Thanks, but now the spreadsheet in the OP doesn't make much sense. The whole idea of the elasticity was to determine how much the state would shift when the national average shifted. The spreadsheet applied the elasticity directly to the margin which is not how it's designed to be used.
For example, Utah has a -48.04% margin in the first row of the spreadsheet. I'm not quite sure where that's from since the Obama-Romney margin was -47.88% according to Atlas, but I'll take it as the 2012 margin as described in the post. If I then consider a 10 point swing to the democrats, one might expect the elasticity of 1.01 to generate a +10.1% change in the margin, but instead the spreadsheet just divided 48.04 by 1.01 which doesn't really mean anything.

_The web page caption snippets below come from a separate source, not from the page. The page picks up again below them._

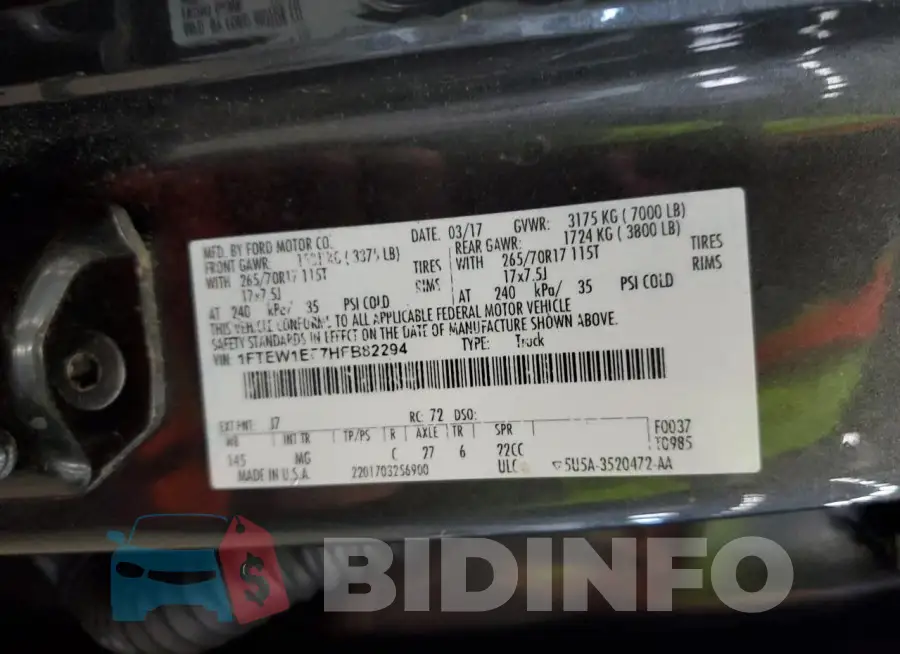 1FTEW1EF7HFB82294 Photo# 13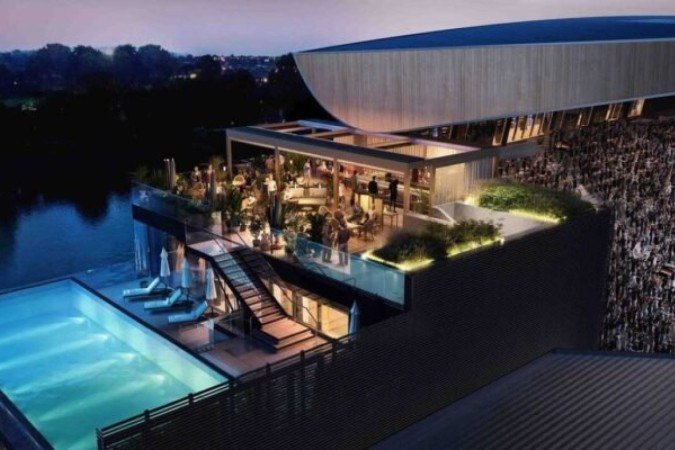 Esboço do restaurante de luxo, na arquibancada Riverside Stand, no estádio do Fulham - (crédito: Foto: Divulgação/Fulham) Esboço do restaurante de luxo, na arquibancada Riverside Stand, no estádio do Fulham - (crédito: Foto: Divulgação/Fulham)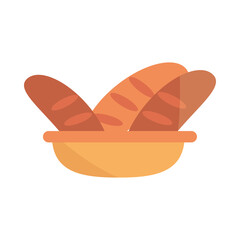 baked breads in plate food menu in cartoon flat icon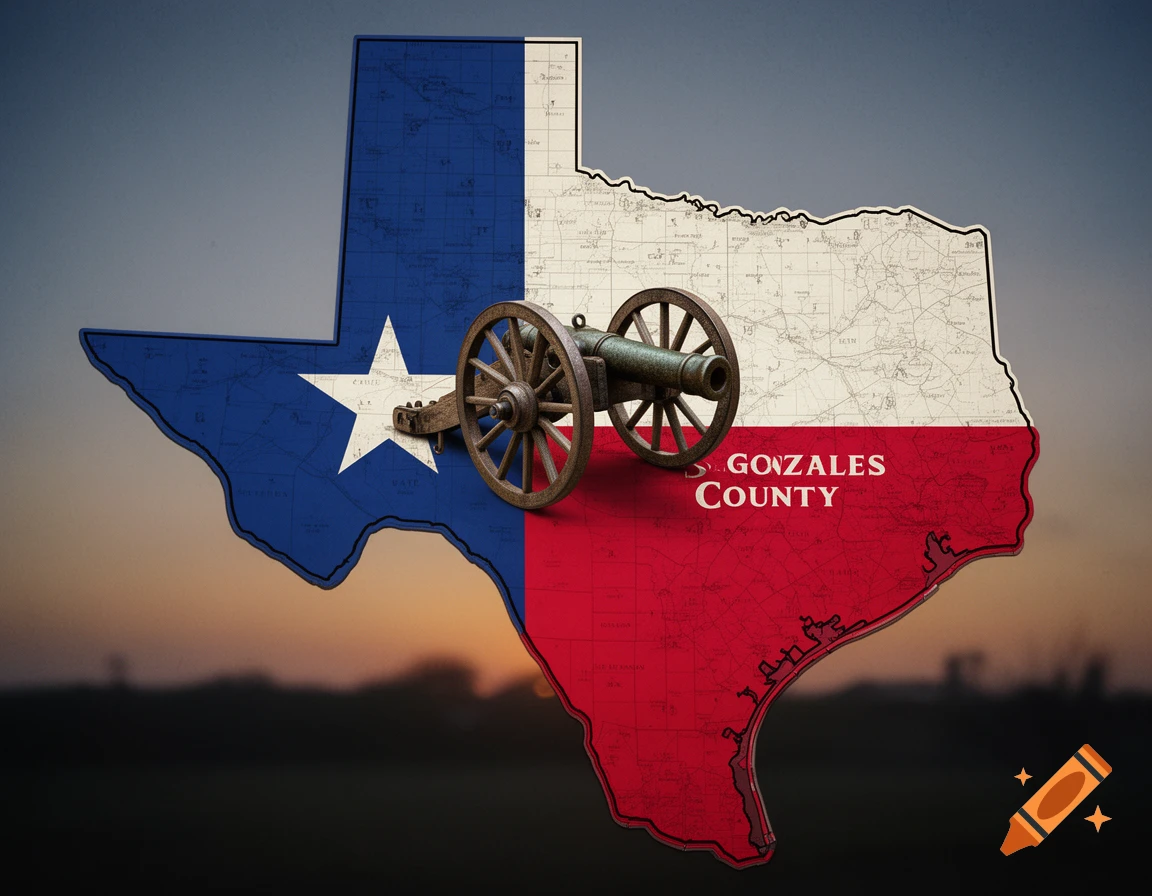 A stylized map of Texas in the colors of its state flag, with an antique cannon positioned over Gonzales County.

Also, as I read Silver's article I see that he also recognizes that the elasticity would be greatest for a 50-50 state. A straight swing would be the dashed line in his graph above, but the real swing would be better modeled by the red curve. The actual shift described in my example above would be less than 10.1%. A proper model would be to look at the difference in the red curve from the black line compared to their difference at 50% and use the mirror image curve for a negative shock.
A simple way to approximate this with a spreadsheet is to create an elasticity weight equal to the difference between the margin and 100%. For UT the weight would be 51.96%. The find the expected shift, multiply the national shift by the elasticity and the weight. Thus a 10% national shift for the Dems would reduce the margin in UT from -48.04% to -42.79%.